Experts say that the consumption boom has not escaped direct sellers, too, who have the advantage of personalised selling that conventional FMCG companies don't.

And, if the product is good, the possibility that there will be repeat purchases will be higher, they say.

Pickney admits that much of the raw materials going into its 131 products in India, across categories such as personal care, home care, nutrition & wellness and beauty is imported.

This has allowed it to keep product quality consistent with what exists internationally in its portfolio.

At the same time, however, lack of local sourcing has meant that Amway products -- outside of its great value range - are all steeply priced.

For instance, a 100 gm tube of Glister toothpaste is priced at over Rs 100.

Regular toothpaste brands available on retail store shelves, on the other hand, are priced at half the price -- at Rs 35-40 -- for the same size.

The direct seller's nutrition & wellness range, which gives it 55 per cent of its revenues in India, is priced anywhere between Rs 650 and Rs 3,200.

Personal care and home care products (which give Amway 35 per cent of its revenues) are priced between Rs 100 and Rs 700, while beauty products (which contribute 10 per cent to top line) are priced between Rs 100 and Rs 2,500.

With such high-priced products then, how has Amway ensured repeat purchases? Persons in the know say that it has to do with its relentless pursuit of quality.

"Whether it is the sales pitch that Amway sellers make or quality control measures implemented at its contract manufacturing units in India, Amway has emphasised the aspect of quality all the time," says Pratichee Kapoor, associate vice-president, Technopak Advisors, who has studied the direct marketing industry closely in India.

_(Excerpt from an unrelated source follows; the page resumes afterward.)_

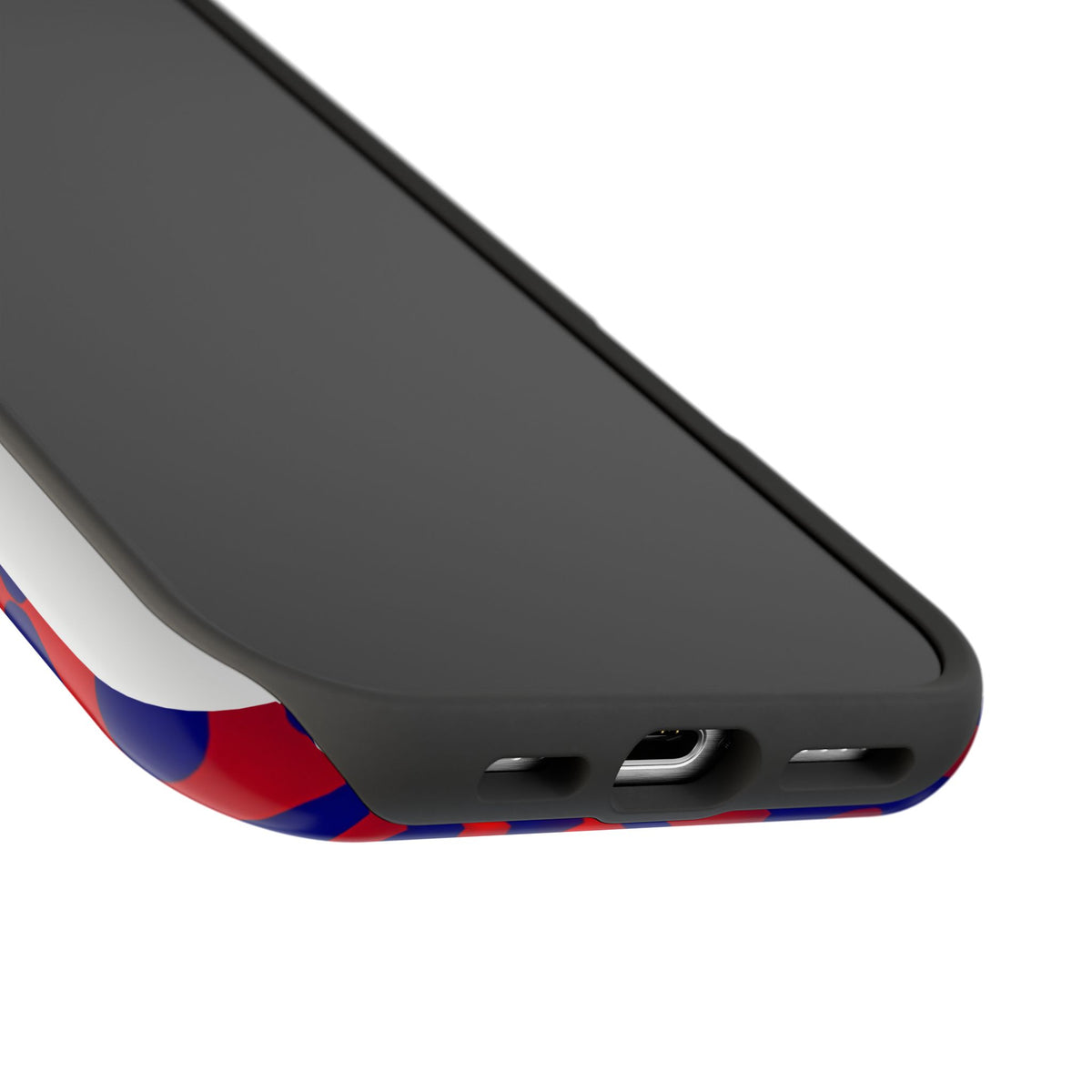 Electric Blue Magnetic Impact-Resistant Phone Case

The company has also invested heavily in advertising over the last few years building what Kapoor calls the "Amway brand".

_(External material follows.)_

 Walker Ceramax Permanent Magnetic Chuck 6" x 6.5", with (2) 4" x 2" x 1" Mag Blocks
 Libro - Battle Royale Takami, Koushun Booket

In the process, consumers have come to identify the company with good, stolid products.

But does the multi-level-marketing model coming under intense scrutiny in recent months hurt the image of companies such as Amway?

It does, say market experts.

Recently, Andhra Pradesh found the business model followed by Amway and such other companies to be prohibited under the Prize Chits and Money Circulation Schemes (Banning) Act, requesting review of Foreign Investment Promotion Board approvals to such players.

The matter is expected to come up for discussion this month, even as the Rs 4,000-crore (Rs 40-billion) direct marketing industry lobbies hard for a separate piece of regulation to govern it rather than a clubbing with the above-mentioned Act.